=== Supplied records ===
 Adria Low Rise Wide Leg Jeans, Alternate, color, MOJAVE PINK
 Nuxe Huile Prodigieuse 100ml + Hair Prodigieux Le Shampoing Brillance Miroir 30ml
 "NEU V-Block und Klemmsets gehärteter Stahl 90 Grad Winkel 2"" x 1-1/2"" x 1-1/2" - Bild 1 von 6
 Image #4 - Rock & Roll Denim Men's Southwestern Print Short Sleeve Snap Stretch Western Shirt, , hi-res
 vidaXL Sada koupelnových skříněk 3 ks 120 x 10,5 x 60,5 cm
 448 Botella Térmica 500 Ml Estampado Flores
===
=== Supplied records ===
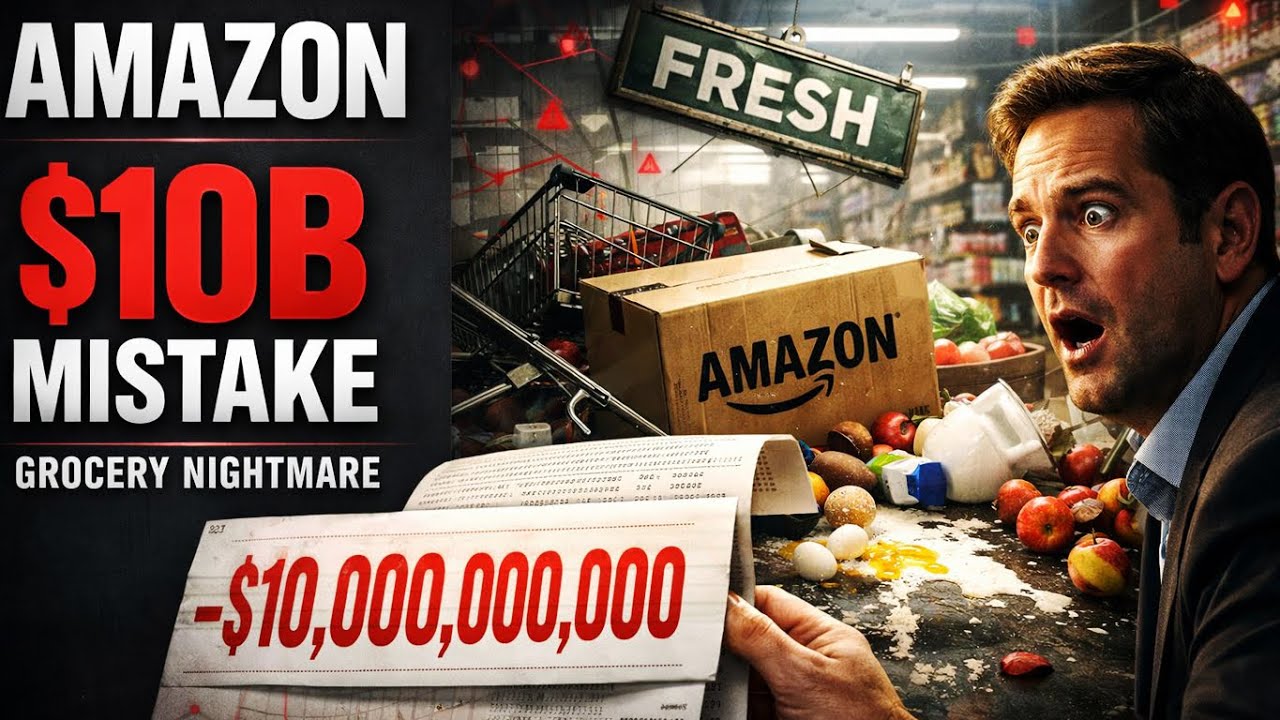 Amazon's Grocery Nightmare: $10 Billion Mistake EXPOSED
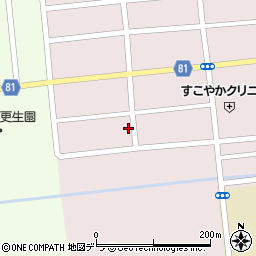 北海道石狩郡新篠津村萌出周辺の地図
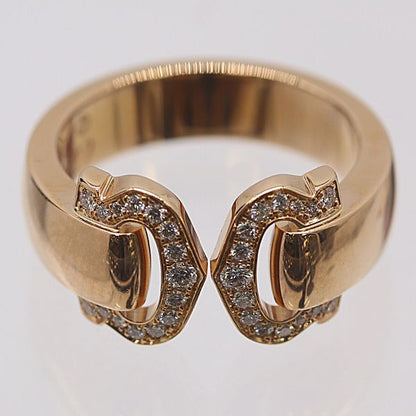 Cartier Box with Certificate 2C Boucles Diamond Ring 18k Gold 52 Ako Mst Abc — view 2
===
* _Work item_
Given the records above, return exactly the lines starting at the line containing "Image #4 - Rock" and ending at the line containing "448 Botella Térmica 500 Ml Estampado Flores", including both.

* _Output of the task_
 Image #4 - Rock & Roll Denim Men's Southwestern Print Short Sleeve Snap Stretch Western Shirt, , hi-res
 vidaXL Sada koupelnových skříněk 3 ks 120 x 10,5 x 60,5 cm
 448 Botella Térmica 500 Ml Estampado Flores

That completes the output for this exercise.